Elliptic systems in Orlicz-Sobolev spaces with critical sources in bounded domains
Pablo Ochoa
TL;DR
The paper addresses finding nontrivial weak solutions for elliptic systems with critical nonlinearities in Orlicz-Sobolev spaces, a setting that accommodates nonlinearities beyond polynomial growth. It combines a Mountain Pass theorem without the Palais–Smale condition with Lions' concentration-compactness in Orlicz spaces to overcome lack of compactness.
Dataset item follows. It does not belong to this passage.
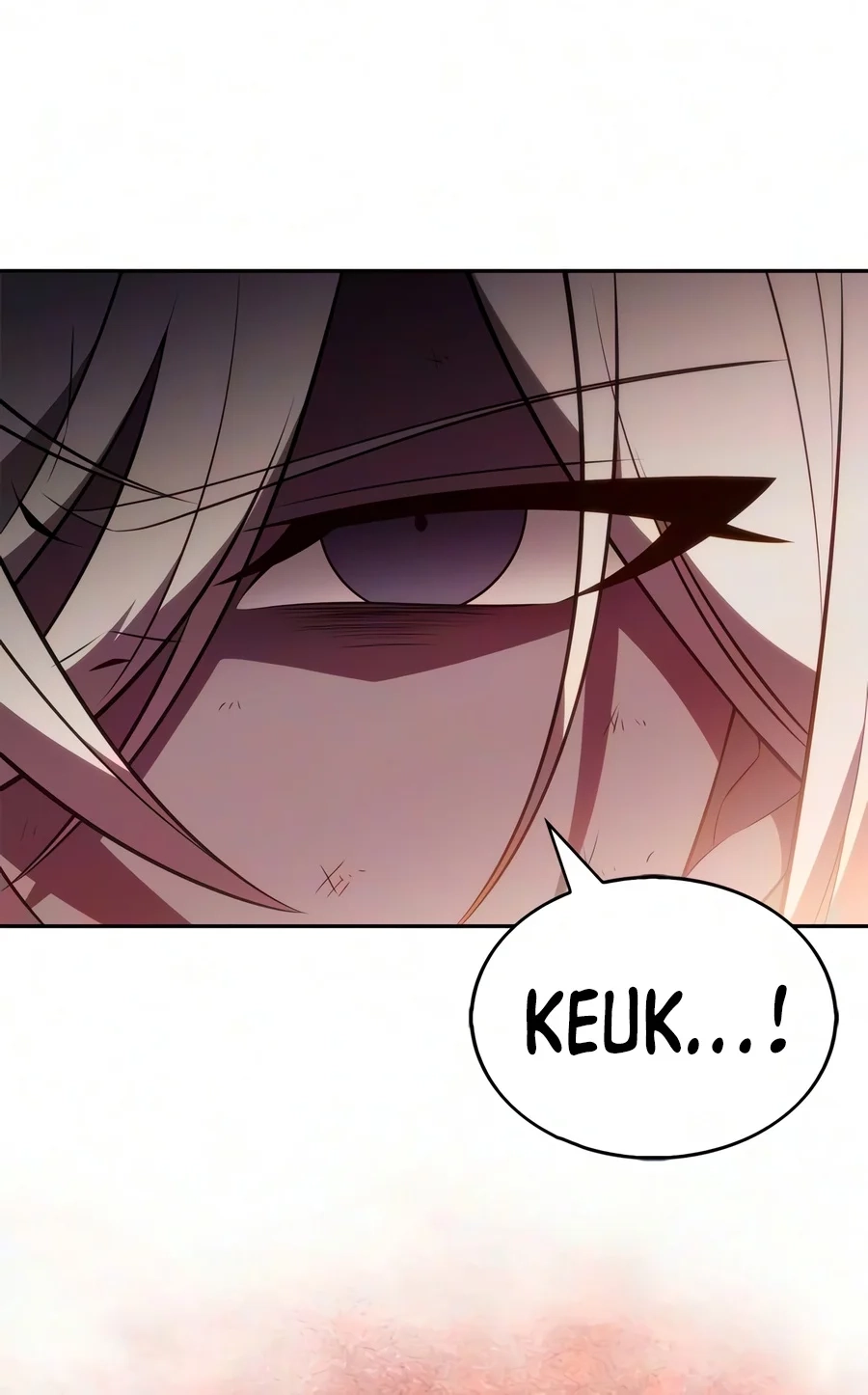 I’m the Max-Level Newbie Chapter 276 page 65 -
Under general growth and structural assumptions on the $g_i$-Laplacians and the nonlinearities $F$ and $H$, it establishes existence of nontrivial solutions for sufficiently large $\lambda$, including a variant that relaxes the nonnegativity of $H$. This advances the theory by extending critical-growth results to broad Orlicz-Sobolev contexts and demonstrates the viability of CCP techniques in these spaces for elliptic systems.
Abstract
In this paper, we show the existence of non-trivial solutions to very general elliptic systems with critical non-linearities in the sense of embeddings in Orlicz-Sobolev spaces. This allows to consider non-linearities which do not have polynomial growth. To achieve the existence, we combine a Mountain Pass Theorem without the Palais-Smale condition with the second Concentration Compactness Principle of Lions in Orlicz-Sobolev spaces.